Frank began competing on the junior international level in 2004 and made her senior international debut in spring 2006; she would appear on both levels that year and 2007. Her best result at an ISU Junior Grand Prix event was seventh at the 2006 JGP in Courchevel, France. She was selected to represent Austria at the 2007 World Junior Championships in Oberstdorf and finished 23rd.

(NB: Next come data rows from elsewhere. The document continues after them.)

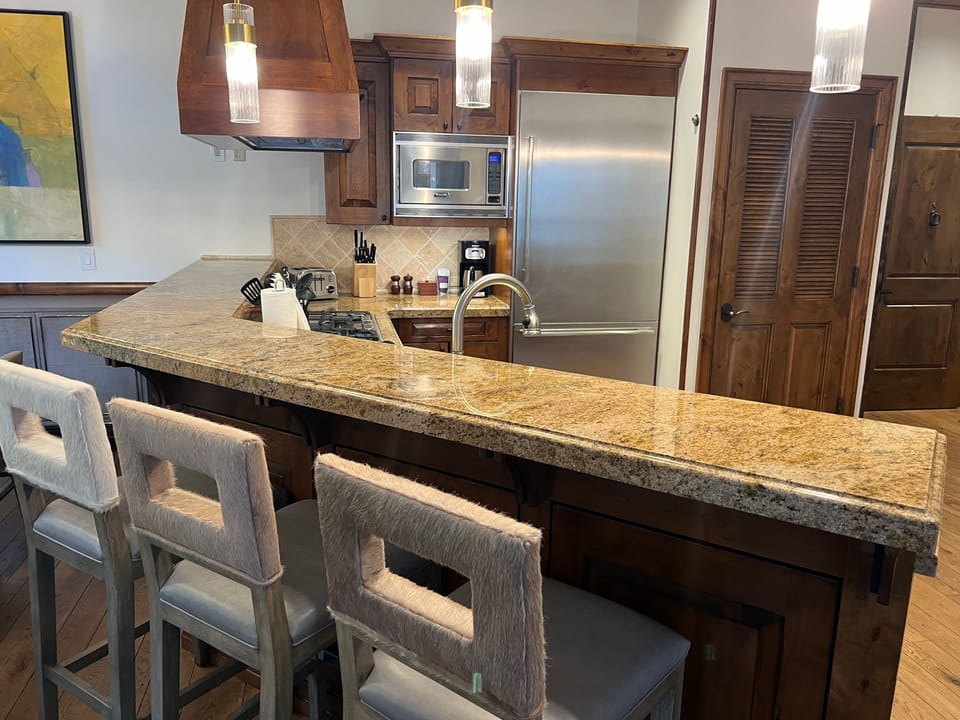 Kitchen bar area / kitchen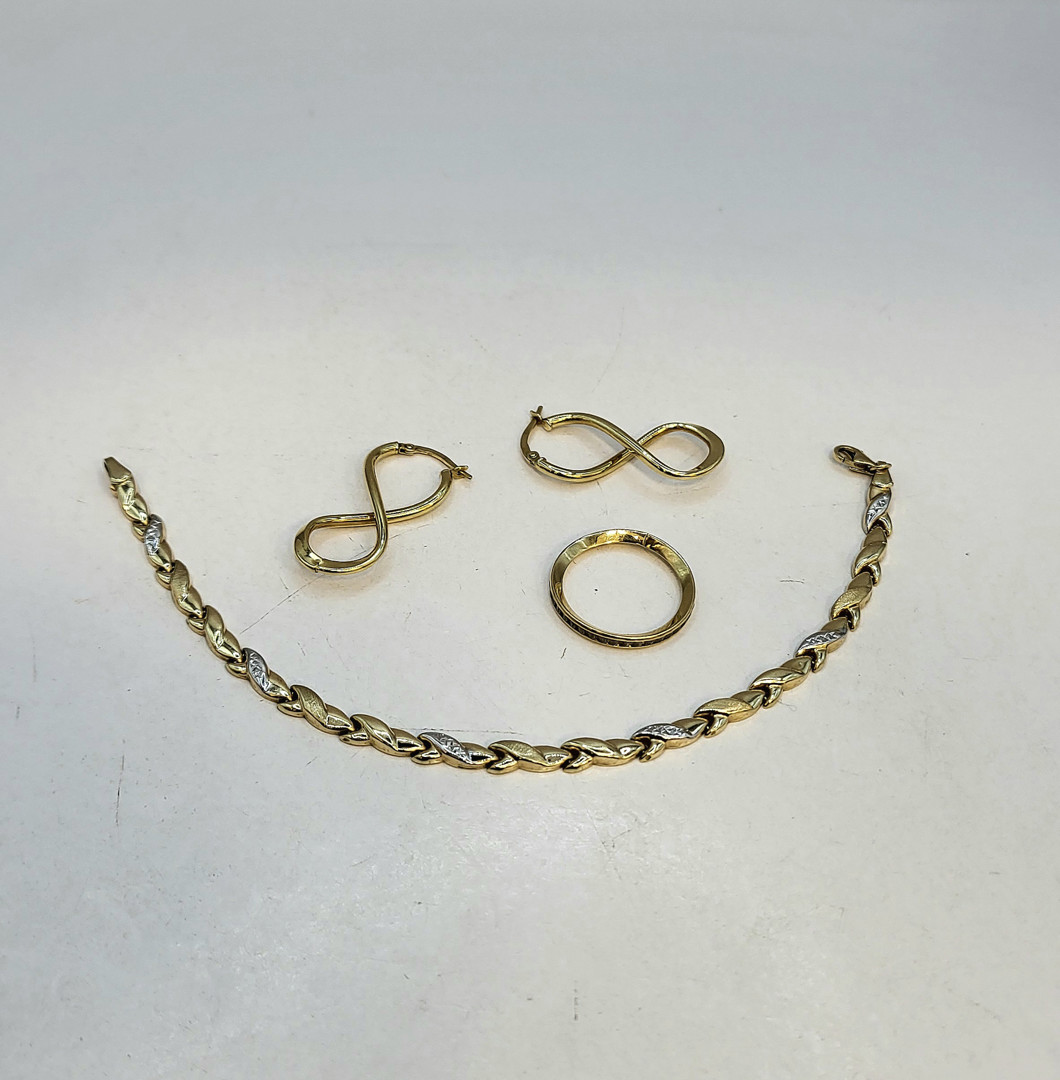 Vari oggetti oro pietre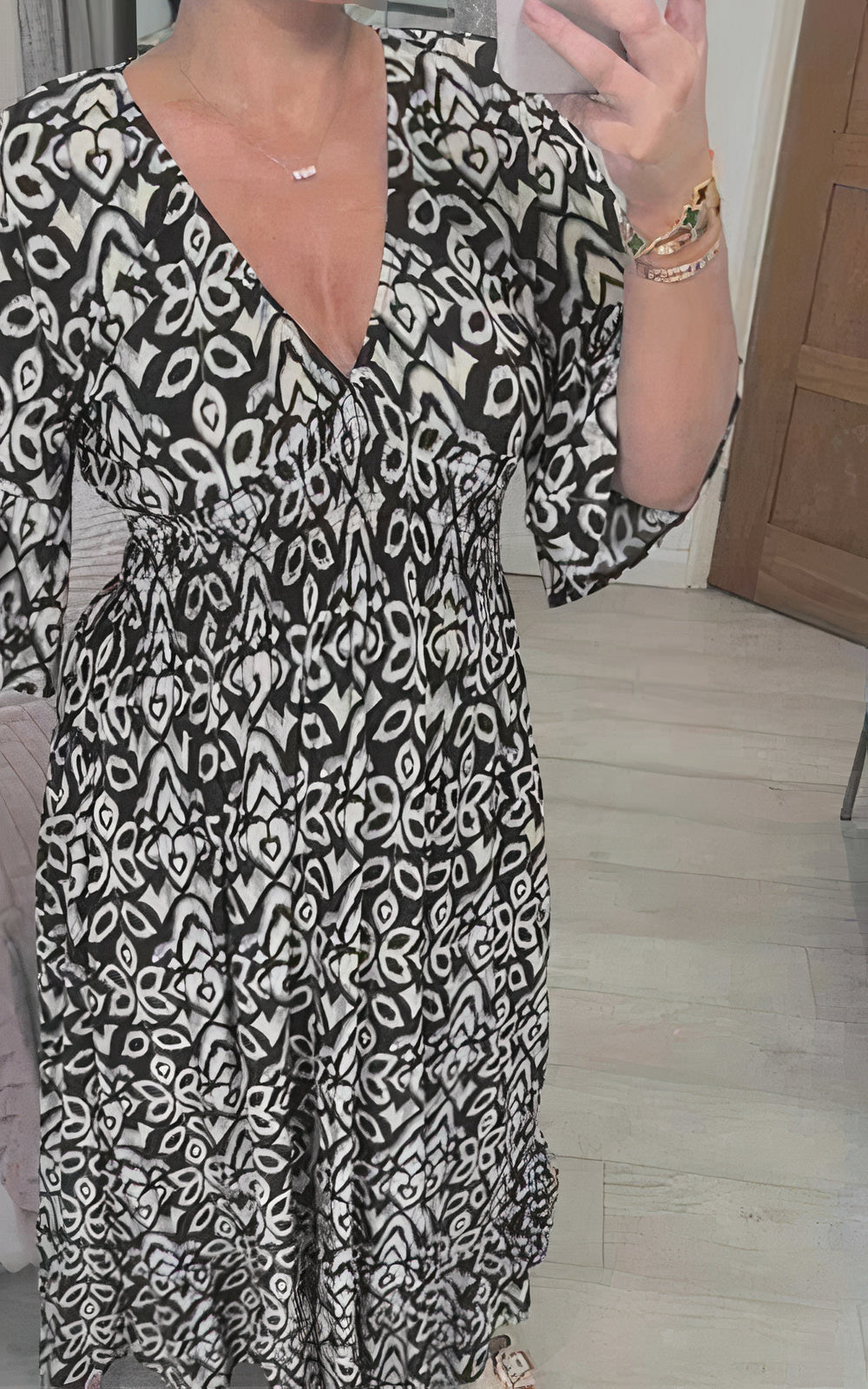 Verführerisches Blumenkleid - Essie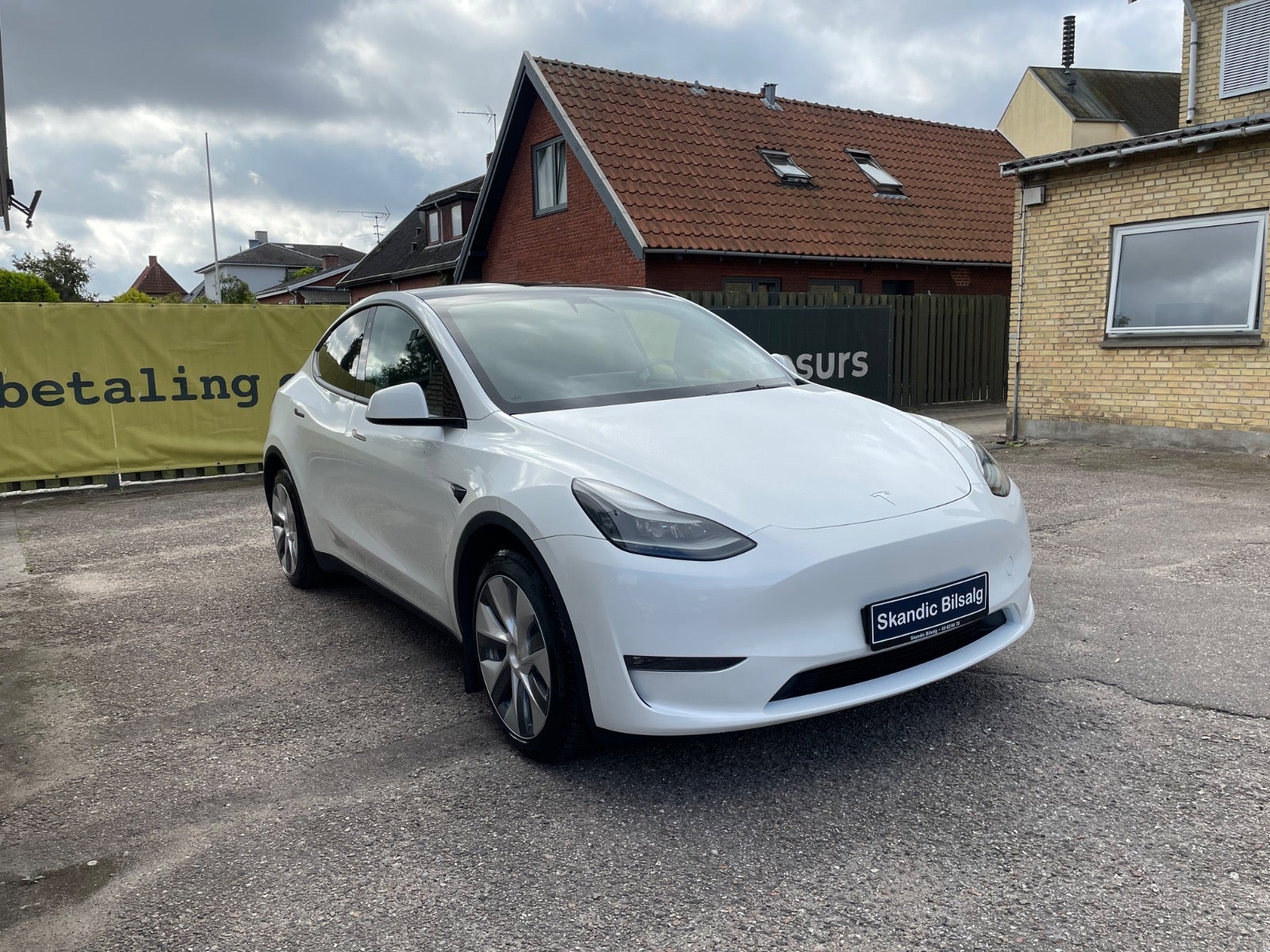 Tesla Model Y Long Range AWD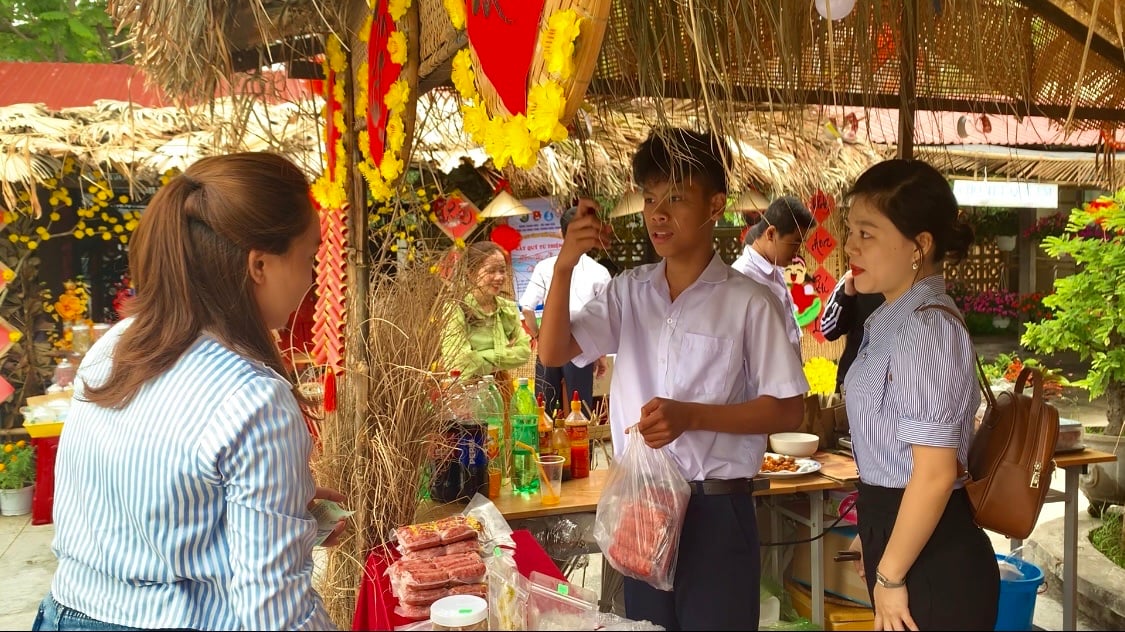 Chợ tết yêu thương của các ‘tiểu thương nhí’ đặc biệt- Ảnh 2.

In the 2008–09 season, Frank won the silver medal at the Austrian Championships and was assigned to her first senior ISU Championships. Reaching the free skate at both events, she placed 20th at the 2009 European Championships in Helsinki and 23rd at the 2009 World Championships in Los Angeles.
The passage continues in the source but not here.